Provided data START
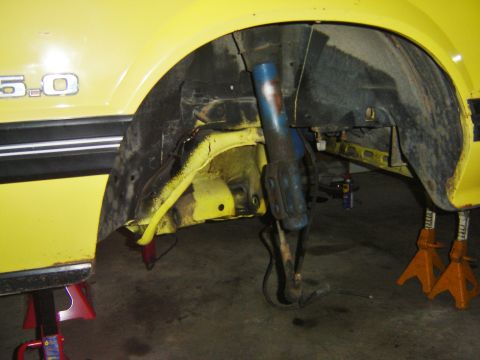 1979 Ford Mustang - Front wheel well of a yellow 1979 Ford Mustang, showing suspension components and a 5.0 badge.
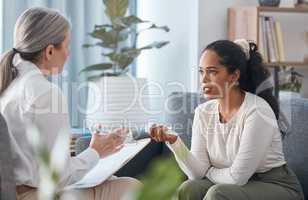 How do I stop it from happening. an attractive young woman sitting and talking to her psychologist during a consultation.
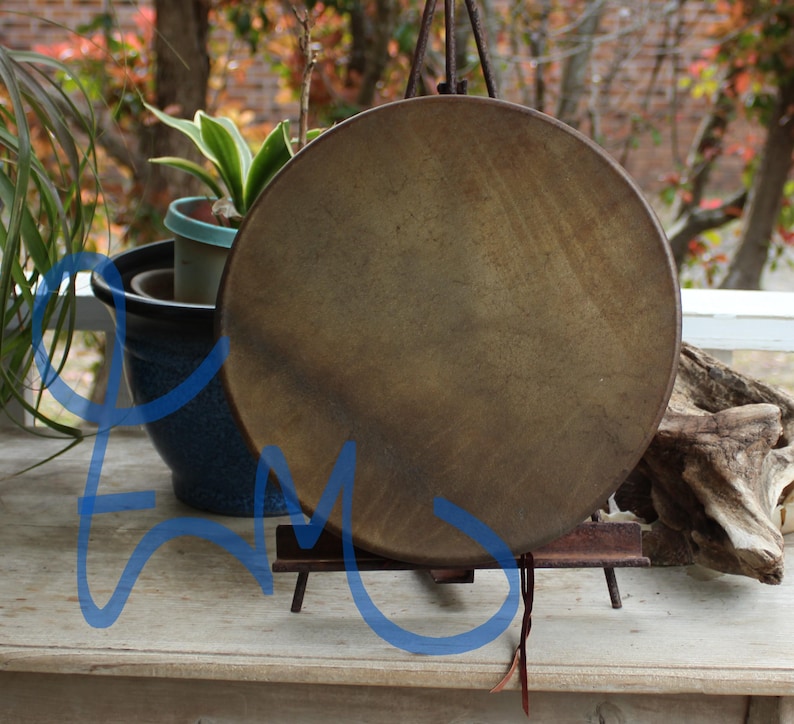 May include: A round, brown drum with a natural hide surface, suspended from a metal stand. The drum is displayed outdoors, with plants and a wooden surface in the background. The drum's color is a warm, earthy tone.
Provided data END
#### Exercise description
Repeat the listing above word for word. Do not include the pictures.

#### Response below
 1979 Ford Mustang - Front wheel well of a yellow 1979 Ford Mustang, showing suspension components and a 5.0 badge.
 How do I stop it from happening. an attractive young woman sitting and talking to her psychologist during a consultation.
 May include: A round, brown drum with a natural hide surface, suspended from a metal stand. The drum is displayed outdoors, with plants and a wooden surface in the background. The drum's color is a warm, earthy tone.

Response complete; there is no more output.